I know you want to see the baby as much as you can, but it won't be long before you are back to open access and isn't it nice to be able to look after your daughter a bit by letting her rest when she gets some respite from her other more tiresome guests.
If it is the case that the inlaws don't work, and are in fact making a bit of a nuisance of themselves by hanging around too much, would it not make more sense to be annoyed with them about this, rather than doubt your daughter's attachment to you and to feel jealous?

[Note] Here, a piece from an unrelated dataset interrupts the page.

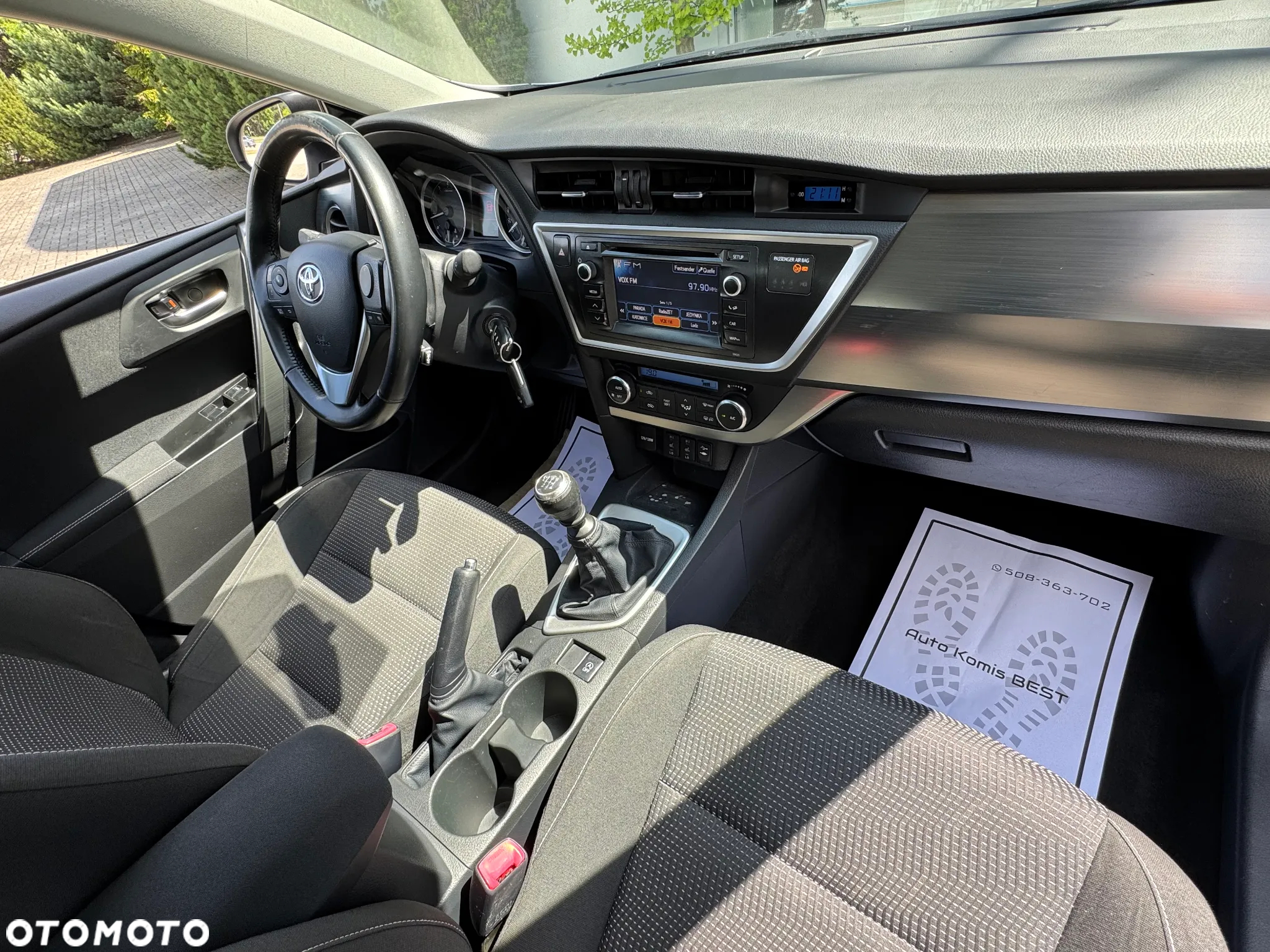 Toyota Auris - 11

This is what I think too.0 -
It sounds to me like you're in for a really big time of change in your relationship to be honest. Your daughter's partner being made redundant is going to change a lot of dynamics, add in a new baby on top of that and you're going to have to roll with the punches a bit. I'm with the others though, just because the ILs are there all the time does not necessarily mean they are wanted or needed. And this will come to a head all on its own without you needing to say a thing. I think you're understandably feeling pushed out but the fact is that you're the person your daughter can rely on totally and doesn't have to 'make the effort' with at this very intensive time. You've missed five days of what will hopefully be a 90 years plus lifetime for the new baby.
I agree with the others, let things settle for a week or two, make it clear to your daughter that you want to support her but you don't want to interfere and that you understand that for the minute she's wanting to get used to things and she needs to focus on that.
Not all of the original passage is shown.